Exercise goal:
Find the line containing "Magnet Moodbead Essential" in the entries below. Restate it and each line after it, word for word, up to and including the line containing "Škoda Fabia 1.2 HTP 47kw, rv. 2004".

(Crawled caption data)
○ ○ ○ ○ ○

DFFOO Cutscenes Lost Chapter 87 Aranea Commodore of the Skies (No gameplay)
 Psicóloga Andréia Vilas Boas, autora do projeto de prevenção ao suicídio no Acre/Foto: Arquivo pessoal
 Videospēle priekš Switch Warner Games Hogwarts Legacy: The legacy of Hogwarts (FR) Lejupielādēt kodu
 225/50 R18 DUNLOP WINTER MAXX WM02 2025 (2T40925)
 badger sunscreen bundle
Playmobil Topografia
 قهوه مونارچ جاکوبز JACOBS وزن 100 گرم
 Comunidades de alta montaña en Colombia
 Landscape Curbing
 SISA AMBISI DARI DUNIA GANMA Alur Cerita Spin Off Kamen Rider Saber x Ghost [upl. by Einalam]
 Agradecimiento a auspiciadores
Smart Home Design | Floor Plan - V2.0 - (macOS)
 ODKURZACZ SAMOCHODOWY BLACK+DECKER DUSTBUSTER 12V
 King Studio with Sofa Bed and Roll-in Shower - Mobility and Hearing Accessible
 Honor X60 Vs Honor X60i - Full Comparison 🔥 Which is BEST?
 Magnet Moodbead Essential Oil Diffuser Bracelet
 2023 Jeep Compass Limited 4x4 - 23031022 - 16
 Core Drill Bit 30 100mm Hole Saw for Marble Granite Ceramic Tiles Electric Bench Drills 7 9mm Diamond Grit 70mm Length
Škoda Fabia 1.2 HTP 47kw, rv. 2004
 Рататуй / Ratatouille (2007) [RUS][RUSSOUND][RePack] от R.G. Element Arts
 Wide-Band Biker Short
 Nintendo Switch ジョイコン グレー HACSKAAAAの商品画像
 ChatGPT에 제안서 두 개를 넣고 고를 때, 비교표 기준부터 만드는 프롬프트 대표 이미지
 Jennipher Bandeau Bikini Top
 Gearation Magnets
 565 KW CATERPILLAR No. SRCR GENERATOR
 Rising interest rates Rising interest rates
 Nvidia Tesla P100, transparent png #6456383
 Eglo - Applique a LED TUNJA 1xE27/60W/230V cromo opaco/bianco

○ ○ ○ ○ ○

Answer box:
 Magnet Moodbead Essential Oil Diffuser Bracelet
 2023 Jeep Compass Limited 4x4 - 23031022 - 16
 Core Drill Bit 30 100mm Hole Saw for Marble Granite Ceramic Tiles Electric Bench Drills 7 9mm Diamond Grit 70mm Length
Škoda Fabia 1.2 HTP 47kw, rv. 2004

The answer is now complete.